En plus d’avoir inauguré le plus long télésiège du Canada en 1961, le Mont Orford a lancé en 2003 le tout premier « chondola » du pays. Cet hybride télésiège / gondole permettait enfin aux visiteurs handicapés d’accéder au sommet de 850 mètres et de profiter des pistes ou des vues.
Une véritable station communautaire, enfin !
Bien que le Mont Orford ait « officiellement » commencé comme un parc provincial, la station et la zone de base ont été gérées et exploitées par une succession de propriétaires privés. Le dernier d’entre eux, M. André l’Espérance, a installé le chondola innovant ainsi que les yourtes qui ornent le sommet d’Orford. Son rêve ultime était de transformer la base en un village autonome et ouvert toute l’année, avec des magasins, des restaurants, des boutiques et des condos.

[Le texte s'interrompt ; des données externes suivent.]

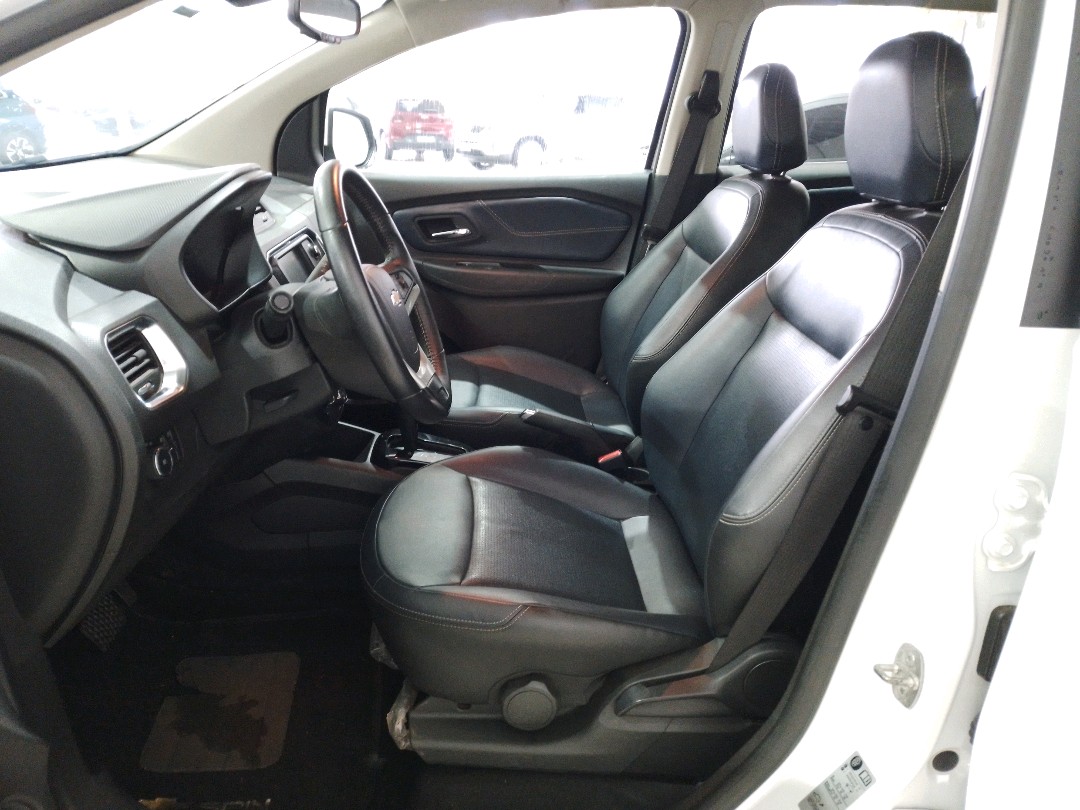 GM - Chevrolet-SPIN-1.8 PREMIER 8V FLEX 4P AUTOMÁTICO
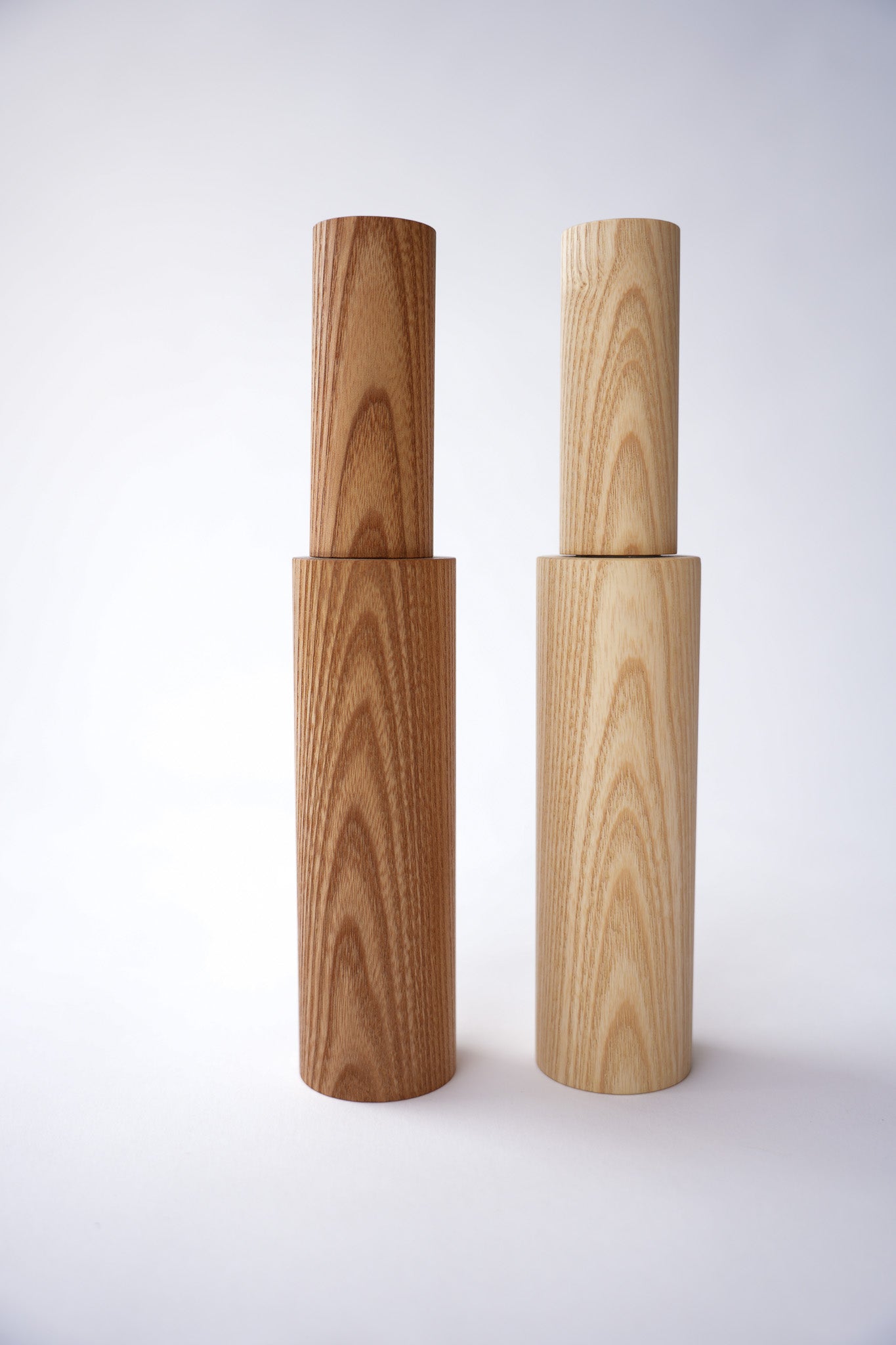 SALZ- UND PFEFFERMÜHLE – garrelts design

Lorsque des écologistes alarmés et des entreprises locales ont effectivement mis fin à son projet, le gouvernement provincial a décidé de privatiser la station et la base. Quatre jours avant de saisir la station de ski et de tout vendre séparément, le Conseil régional municipal (CRM) de Memphrémagog est intervenu. Sept municipalités locales se sont unies pour former une organisation à but non lucratif appelée la Mont-Orford Ski and Golf Corporation. Initialement, un maire de chacune de ces municipalités siégeait au conseil d’administration. Aujourd’hui, des professionnels et des leaders de l’industrie résidant dans la région siègent au conseil responsable de l’avenir et de la prospérité du Mont Orford, de la conservation de la nature et de la fourniture de loisirs toute l’année. Le bon docteur serait ravi. Plus ça change, plus les choses restent pareilles.
Aujourd’hui, des professionnels et des leaders de l’industrie résidant dans le Conseil régional municipal siègent au conseil d’administration responsable de garantir l’avenir du Mont Orford, de conserver la nature et de fournir des loisirs toute l’année. Photo fournie par Mont-Orford Resort.